Au final ce qui se passe dans ma tête est compliqué, ma vie de famille est compliquée, c’est pourquoi j’ai toujours aspiré à plus de simplicité, à être « comme tout le monde » (si on peut encore dire ça) et à étouffer toute complication.
Mais il faut accepter les complications et y faire face en prenant du recul. Je suis qui je suis aujourd’hui notamment à cause ou grâce à ces complications, c’est ce qui fait ma différence. Vous savez si je critique tant les normes, choses qui peut être agaçante à la fin, ce n’est par esprit rebelle de contestation à la con. C’est juste que les normes m’ont souvent fait souffrir, parce que je n’ai pas une vie « normale ». J’aime croire que je n’ai pas une vie anormale pour autant. J’aime plutôt croire que j’ai une vie hors-normes, parce qu’elle sort de l’ordinaire après tout..
Alors si je me débrouille bien, elle peut peut-être devenir extra-ordinaire, qui sait ?
Bonne fête à toutes les mamans évidemment, mais je finirai en souhaitant surtout bonne fête à tous les gens qui apportent beaucoup d’amour à un enfant qui en a besoin.
Et vous ? Que pensez-vous de tout ça ? Même si vous êtes avec votre maman et que tout se passe pour le mieux je parie que vous avez un avis sur la question :)
Cet article n’était pas du tout prévu, rendez-vous plus tard dans la journée pour un article cuisine, une recette d’assiette végétarienne qui devrait vous plaire ! Des bisous.
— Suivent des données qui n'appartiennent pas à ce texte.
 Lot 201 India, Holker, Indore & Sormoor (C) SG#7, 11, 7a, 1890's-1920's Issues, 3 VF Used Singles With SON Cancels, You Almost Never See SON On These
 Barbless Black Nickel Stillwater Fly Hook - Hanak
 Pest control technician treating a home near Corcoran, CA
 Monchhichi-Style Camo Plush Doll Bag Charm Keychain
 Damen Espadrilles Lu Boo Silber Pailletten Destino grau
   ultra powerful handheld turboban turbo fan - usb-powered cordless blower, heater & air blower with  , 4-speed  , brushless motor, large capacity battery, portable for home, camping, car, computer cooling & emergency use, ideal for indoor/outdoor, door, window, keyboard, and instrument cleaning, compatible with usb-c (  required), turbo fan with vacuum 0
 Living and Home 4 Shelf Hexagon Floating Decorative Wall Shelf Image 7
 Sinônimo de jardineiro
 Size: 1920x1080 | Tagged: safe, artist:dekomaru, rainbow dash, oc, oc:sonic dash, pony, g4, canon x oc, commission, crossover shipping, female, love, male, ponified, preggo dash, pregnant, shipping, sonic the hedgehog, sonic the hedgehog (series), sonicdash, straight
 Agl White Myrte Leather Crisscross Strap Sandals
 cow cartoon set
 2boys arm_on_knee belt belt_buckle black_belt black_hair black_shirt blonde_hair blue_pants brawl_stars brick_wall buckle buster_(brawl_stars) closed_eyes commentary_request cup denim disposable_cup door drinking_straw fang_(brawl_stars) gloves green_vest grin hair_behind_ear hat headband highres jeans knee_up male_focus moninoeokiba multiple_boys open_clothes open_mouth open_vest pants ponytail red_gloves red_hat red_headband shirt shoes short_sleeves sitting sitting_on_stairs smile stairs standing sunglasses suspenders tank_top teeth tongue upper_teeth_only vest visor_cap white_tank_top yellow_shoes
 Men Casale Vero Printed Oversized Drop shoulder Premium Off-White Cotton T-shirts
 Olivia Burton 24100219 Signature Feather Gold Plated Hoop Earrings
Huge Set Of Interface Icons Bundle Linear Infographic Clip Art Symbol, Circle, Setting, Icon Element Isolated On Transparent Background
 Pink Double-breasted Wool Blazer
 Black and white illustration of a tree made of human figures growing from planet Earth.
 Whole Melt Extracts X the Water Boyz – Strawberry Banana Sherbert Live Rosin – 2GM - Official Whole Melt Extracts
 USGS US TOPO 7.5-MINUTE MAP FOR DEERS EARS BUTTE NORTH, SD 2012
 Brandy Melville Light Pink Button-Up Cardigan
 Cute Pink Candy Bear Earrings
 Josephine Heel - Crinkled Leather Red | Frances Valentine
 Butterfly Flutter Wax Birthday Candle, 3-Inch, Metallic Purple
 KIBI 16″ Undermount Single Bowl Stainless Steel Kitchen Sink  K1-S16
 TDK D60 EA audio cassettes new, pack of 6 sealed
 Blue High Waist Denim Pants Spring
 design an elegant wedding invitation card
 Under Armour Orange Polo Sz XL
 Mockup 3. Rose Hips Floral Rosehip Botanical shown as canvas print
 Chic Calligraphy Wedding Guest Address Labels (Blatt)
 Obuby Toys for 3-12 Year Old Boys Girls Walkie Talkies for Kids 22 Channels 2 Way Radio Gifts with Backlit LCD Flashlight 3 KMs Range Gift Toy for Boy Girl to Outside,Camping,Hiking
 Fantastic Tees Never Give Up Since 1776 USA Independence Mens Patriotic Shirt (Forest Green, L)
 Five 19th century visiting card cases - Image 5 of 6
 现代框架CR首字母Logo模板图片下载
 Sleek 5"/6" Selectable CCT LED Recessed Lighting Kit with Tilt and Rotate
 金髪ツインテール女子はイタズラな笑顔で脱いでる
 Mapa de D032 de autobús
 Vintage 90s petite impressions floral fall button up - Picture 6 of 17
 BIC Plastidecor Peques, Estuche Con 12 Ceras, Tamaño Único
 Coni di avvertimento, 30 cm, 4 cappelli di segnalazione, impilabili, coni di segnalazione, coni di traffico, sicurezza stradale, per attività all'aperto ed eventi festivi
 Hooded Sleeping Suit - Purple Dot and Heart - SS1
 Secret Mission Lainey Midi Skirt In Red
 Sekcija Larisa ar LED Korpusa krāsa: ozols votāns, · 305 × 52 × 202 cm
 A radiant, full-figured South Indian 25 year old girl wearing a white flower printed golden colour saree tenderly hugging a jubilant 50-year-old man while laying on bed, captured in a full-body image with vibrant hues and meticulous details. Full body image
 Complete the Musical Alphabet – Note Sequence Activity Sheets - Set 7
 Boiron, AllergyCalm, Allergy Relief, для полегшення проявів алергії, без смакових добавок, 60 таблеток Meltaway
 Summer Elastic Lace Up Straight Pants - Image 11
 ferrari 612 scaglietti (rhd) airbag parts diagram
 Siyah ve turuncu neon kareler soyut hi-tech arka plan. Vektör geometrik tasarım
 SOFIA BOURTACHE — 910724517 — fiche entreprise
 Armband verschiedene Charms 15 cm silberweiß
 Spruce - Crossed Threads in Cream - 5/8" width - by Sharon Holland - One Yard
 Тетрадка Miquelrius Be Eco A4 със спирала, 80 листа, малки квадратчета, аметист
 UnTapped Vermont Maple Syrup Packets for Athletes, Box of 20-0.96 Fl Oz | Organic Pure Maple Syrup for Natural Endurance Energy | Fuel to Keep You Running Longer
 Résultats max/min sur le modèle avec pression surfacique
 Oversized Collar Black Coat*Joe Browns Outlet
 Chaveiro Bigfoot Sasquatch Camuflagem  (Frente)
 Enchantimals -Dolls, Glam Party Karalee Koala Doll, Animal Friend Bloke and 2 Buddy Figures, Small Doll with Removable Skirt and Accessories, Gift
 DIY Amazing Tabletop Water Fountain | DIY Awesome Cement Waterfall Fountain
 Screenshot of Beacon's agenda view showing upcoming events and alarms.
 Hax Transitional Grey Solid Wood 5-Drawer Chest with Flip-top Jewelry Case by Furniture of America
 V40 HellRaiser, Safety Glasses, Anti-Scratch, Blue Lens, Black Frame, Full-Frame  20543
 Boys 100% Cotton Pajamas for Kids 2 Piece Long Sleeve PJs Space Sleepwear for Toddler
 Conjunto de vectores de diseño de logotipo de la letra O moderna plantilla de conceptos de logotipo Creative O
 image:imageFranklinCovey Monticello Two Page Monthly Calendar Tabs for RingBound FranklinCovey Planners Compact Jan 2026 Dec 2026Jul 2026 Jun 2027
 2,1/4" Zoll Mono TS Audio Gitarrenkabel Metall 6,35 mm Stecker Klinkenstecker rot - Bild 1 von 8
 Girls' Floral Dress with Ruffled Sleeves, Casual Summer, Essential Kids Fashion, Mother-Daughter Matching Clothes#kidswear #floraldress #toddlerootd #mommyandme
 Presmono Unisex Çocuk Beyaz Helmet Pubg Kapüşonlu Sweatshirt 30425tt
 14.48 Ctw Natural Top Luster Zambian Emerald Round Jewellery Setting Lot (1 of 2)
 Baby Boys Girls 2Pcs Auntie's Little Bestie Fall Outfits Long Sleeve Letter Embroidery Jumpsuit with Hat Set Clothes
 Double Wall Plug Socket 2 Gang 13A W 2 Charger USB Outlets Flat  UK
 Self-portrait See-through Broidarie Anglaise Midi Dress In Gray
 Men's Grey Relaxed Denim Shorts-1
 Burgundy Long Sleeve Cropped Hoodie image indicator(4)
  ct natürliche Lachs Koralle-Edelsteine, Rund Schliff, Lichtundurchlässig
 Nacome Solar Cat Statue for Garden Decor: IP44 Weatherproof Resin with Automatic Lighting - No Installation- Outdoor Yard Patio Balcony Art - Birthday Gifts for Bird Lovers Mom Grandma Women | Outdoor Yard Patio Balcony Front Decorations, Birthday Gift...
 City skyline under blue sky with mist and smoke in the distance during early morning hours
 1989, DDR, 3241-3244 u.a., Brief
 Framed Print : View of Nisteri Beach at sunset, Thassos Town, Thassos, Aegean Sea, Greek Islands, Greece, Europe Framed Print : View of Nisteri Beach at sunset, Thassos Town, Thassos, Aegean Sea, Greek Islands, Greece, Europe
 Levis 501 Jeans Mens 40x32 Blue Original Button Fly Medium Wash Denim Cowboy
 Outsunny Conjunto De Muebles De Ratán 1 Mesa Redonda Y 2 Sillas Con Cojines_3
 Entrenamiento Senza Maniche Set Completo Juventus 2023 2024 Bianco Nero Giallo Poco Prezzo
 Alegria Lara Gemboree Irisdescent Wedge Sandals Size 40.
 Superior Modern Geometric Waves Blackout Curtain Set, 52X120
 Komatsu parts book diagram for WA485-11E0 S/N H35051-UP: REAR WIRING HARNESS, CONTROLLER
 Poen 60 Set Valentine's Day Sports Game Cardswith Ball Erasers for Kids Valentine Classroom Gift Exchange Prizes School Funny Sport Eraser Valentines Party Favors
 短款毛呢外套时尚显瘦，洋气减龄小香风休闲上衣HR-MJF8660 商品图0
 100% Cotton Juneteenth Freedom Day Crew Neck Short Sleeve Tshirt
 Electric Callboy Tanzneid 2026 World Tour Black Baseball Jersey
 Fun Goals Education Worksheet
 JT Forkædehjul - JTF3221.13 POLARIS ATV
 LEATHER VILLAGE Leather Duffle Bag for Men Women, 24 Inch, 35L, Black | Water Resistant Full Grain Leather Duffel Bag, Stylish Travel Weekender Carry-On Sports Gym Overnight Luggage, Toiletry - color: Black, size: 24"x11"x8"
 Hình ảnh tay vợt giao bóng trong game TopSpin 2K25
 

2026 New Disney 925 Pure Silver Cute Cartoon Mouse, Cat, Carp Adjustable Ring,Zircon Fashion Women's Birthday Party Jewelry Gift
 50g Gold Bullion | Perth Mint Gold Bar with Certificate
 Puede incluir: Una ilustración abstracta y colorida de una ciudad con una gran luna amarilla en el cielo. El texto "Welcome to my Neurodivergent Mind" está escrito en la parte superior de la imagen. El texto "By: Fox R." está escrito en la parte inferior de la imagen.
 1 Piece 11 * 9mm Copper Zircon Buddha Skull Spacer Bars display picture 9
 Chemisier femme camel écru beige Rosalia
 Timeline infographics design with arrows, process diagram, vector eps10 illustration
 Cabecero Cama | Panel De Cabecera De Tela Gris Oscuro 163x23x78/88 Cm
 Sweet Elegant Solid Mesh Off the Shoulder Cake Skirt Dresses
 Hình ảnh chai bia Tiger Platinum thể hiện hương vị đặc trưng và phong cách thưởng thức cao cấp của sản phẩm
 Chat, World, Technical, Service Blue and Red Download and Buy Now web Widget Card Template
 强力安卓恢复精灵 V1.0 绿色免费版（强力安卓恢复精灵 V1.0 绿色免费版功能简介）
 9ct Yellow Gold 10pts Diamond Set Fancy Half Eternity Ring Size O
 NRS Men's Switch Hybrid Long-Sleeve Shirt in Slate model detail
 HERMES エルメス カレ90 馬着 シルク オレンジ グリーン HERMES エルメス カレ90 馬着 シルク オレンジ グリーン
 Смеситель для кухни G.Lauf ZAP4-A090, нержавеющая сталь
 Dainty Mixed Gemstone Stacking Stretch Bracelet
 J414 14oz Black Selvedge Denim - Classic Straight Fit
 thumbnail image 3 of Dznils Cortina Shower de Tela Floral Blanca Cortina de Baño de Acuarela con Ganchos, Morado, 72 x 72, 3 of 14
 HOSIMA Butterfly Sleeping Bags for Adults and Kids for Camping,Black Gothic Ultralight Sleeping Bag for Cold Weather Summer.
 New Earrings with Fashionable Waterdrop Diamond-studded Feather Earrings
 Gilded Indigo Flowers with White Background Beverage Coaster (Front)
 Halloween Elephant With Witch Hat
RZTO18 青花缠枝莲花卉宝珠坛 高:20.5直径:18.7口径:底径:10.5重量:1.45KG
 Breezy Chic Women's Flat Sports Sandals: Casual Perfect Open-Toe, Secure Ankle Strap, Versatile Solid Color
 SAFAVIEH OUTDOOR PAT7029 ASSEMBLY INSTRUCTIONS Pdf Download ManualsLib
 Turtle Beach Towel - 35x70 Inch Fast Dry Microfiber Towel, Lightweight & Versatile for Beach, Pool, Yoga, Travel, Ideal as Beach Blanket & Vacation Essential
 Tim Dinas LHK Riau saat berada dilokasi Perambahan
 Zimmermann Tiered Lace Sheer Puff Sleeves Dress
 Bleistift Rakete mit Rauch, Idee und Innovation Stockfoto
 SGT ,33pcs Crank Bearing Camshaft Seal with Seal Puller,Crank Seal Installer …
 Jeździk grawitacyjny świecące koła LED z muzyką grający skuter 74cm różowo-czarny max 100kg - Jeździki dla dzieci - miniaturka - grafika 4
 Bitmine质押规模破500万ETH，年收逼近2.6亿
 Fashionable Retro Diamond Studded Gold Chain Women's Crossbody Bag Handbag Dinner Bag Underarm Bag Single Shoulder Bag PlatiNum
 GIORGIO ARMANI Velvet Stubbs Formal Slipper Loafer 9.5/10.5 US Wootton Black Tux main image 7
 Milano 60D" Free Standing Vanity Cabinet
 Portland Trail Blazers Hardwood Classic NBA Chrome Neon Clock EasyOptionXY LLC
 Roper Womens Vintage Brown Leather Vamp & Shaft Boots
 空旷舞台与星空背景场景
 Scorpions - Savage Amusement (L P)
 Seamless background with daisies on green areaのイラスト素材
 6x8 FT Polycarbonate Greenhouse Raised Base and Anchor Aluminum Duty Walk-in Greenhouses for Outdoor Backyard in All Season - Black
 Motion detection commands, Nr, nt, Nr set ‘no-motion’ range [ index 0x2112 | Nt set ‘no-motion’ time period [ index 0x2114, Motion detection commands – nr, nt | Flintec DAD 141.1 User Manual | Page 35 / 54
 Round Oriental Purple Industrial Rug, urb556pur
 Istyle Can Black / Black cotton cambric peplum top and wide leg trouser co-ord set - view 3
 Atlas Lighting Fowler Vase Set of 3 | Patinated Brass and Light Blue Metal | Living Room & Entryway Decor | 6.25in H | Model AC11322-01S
PS « je vous vois venir » : Tout ça ne veut en aucun cas dire qu’il faut supprimer la fête des mères, ou que je suis contre toutes les conventions c’est simplement une réflexion et une remise en contexte hein.
Anaïs L.
Magnifique article, comme toujours :) Merci pour tout cet amour que tu donnes autour de toi.
Peut-être est-ce cela que tu cherches ? : https://www.facebook.com/lefigaro/posts/10153825835611339
On se revoit au prochain article, culinaire à ce que j’ai pu comprendre ;) Ça tombe bien, avec ce temps d’automne, un peu de réconfort est le bienvenu :)
Lucille
J’ai aussi ete TRES touchée par ce petit mot de la maîtresse que jai aussi vu passer sur FB ! Une superbe idée car comme tu le dis si bien Cest un sujet très délicat …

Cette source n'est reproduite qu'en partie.